We have a distributed splunk (8.x) environment on-prem, with CM and 3 peers, 2 SH, 1 deployment server, and many clients.
On on of my Windows 10 clients, I have a csv file that gets new data appended to it every 5 minutes via a separate python script that runs locally. I have verified the appending is working as intended. On the UF, I have setup an App with a monitor input to watch the file. A custom props.conf is located on the indexer peers. I am experiencing some unexpected behavior and am struggling to find a solution.
The first odd thing I have noticed is that when data is appended to the csv file, either via the python script or manually adding, I sometimes will get an event ingested but sometimes it will not. If I manually add lines 4 or 5 times over a 15 minute period, I might get 1 event. Sometimes I wont get any events at all, but if I get one event, its never more than 1.
The second weird thing noticed is that the event is always the top line of the csv file. Never the line that I added manually or via python to the bottom of the CSV file. The file is over 2500 lines. I have verified that the lines are actually appended to the bottom, and persist.
I suspect that there might be an issue with the timestamp or possibly the LINE_BREAK but I cannot say definitively that is the issue. (Maybe the LINE_BREAK regex is not actually there?)

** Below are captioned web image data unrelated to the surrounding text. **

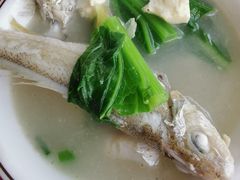 -蛇口康乐快餐鱼仔档(翠苑小区店)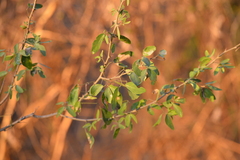 Pithecellobium dulce
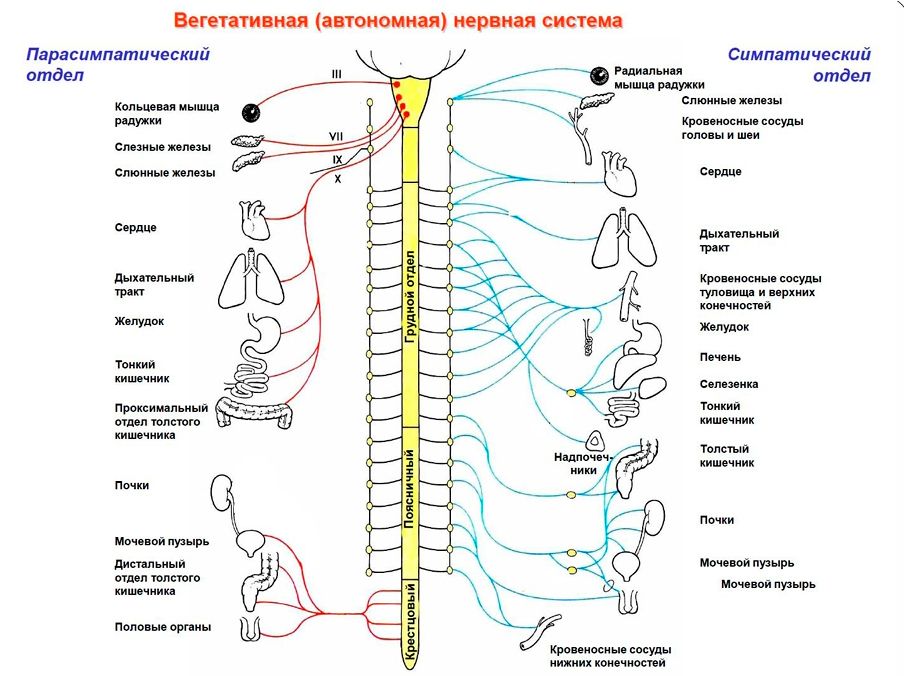Вегетатика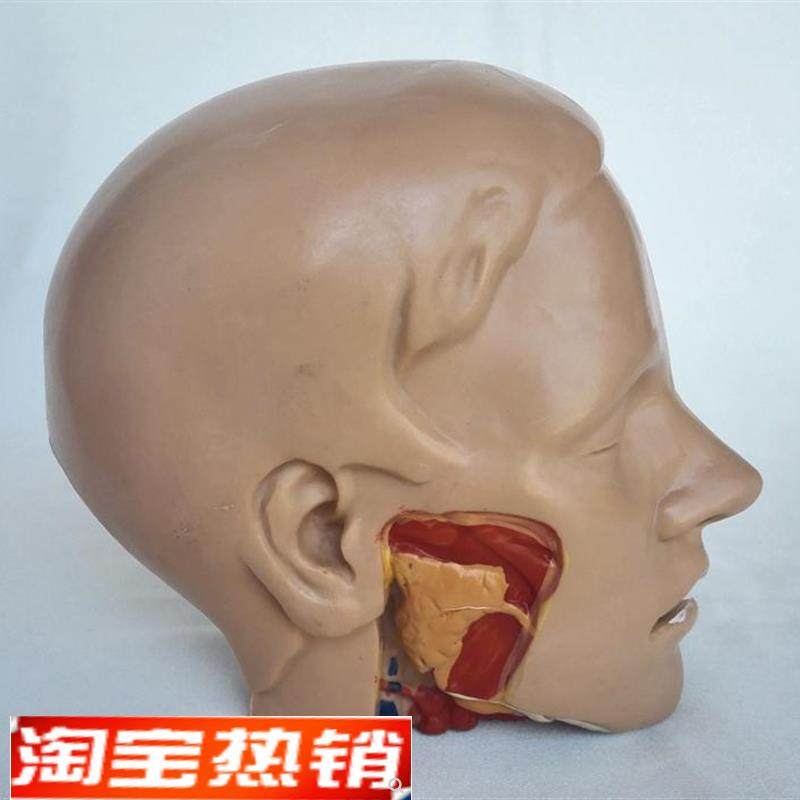 中型头颅解剖模型脑解剖模型医用教学U人体标本模型,淘宝优惠券,粉丝福利购,淘宝优惠卷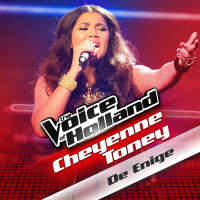 De Enige (From The Voice Of Holland) (Single)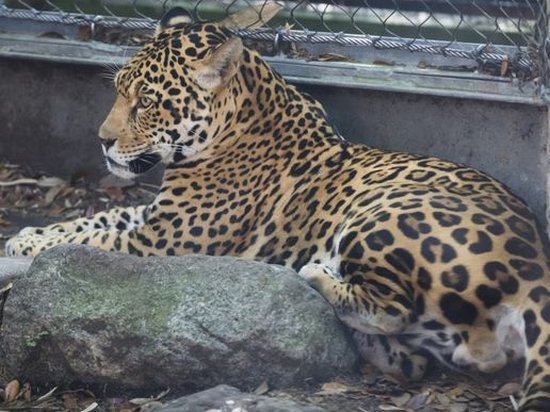 В зоопарке США ягуар сбежал из вольера и убил шестерых животных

I can take the csv file, and add it without issue using the "Add Data" process in the SplunkWeb. It breaks the events exactly how I would expect it should (not just the top line) with correct timestamps, and looks perfect. Using the Add Data method, I copied the props from the WebUI and tried to add it to my Apps custom props.conf that is pushed to the peers. I am still left with the same weird behavior as I experienced with my custom props.conf file. I am reaching a point where googling is becoming too specific to get me a solid lead on my next steps in the troubleshoot. Does anyone know what might be causing either of these issues?
Here is a snippet of the csv file (the top 3 lines):
profile_val,start_time,scheduler_tree,bot_name,tree_name,query_val,kill_option,stopped_on,remarks,status_val,ts
Fit,11/03/2022 19:34:00.277,lb_prod_scheduler,spotbot,,%20redacted%20auto,false,11/03/2022 19:40:00.107,BOT did not pinged for more than 300 seconds,failed,2022-11-04 00:40:05
Fit,11/03/2022 19:49:00.143,lb_prod_scheduler,spotbot,,%20redacted%20auto,false,11/03/2022 19:55:00.091,BOT did not pinged for more than 300 seconds,failed,2022-11-04 00:55:05
Here is my custom props.conf that I initially tried:
[bot:logs]
description = BOT Application Status Logs
category = Custom
disabled = false
CHARSET=UTF-8
KV_MODE = none
LINE_BREAKER = ([\r\n]+)
NO_BINARY_CHECK = true
SHOULD_LINEMERGE = false
TIME_FORMAT = %m/%d/%Y%t%H:%M:%S.%f
TIME_PREFIX = Fit,
INDEXED_EXTRACTIONS=CSV
FIELD_DELIMITER=,
FIELD_NAMES=profile_val,start_time,scheduler_tree,bot_name,tree_name,query_val,kill_option,stopped_on,remarks,status_val,ts
Here is the "Add Data" props.conf that works in the WebUI but not on the indexers:
[bot:logs]
SHOULD_LINEMERGE=false
LINE_BREAKER=([\r\n]+)
NO_BINARY_CHECK=true
CHARSET=UTF-8
EXTRACT-Ex_account=^(?:[^:\n]*:){4}(?P<Ex_account>\d+)
INDEXED_EXTRACTIONS=csv
KV_MODE=none
category=Structured
description=Comma-separated value format. Set header and other settings in "Delimited Settings"
disabled=false
pulldown_type=true
Hi @calvinmcelroy,
indexed extractions as csv is one of the situation where you have to deploy props.conf also on Forwarder.
let me know.
about timestamp, please share a sample of your data and of your props.conf.
Ciao.
Giuseppe
Ok - Now I am feeling pretty foolish. The logs in my CSV file have timestamps from over a month ago. After getting the idea to check All Time time duration, I noticed that the events are in fact being ingested, and the timestamps are coming in correctly. Was fooling myself, thinking that the events would be ingested as the current time. No they are coming in exactly where they should be, about a month and a half ago.
If anyone sees anything foolish with the props files, would definitely take some tips if I am missing anything.
Hi @calvinmcelroy,
indexed extractions as csv is one of the situation where you have to deploy props.conf also on Forwarder.
let me know.
about timestamp, please share a sample of your data and of your props.conf.
Ciao.
Giuseppe
Thank you. I will try this out.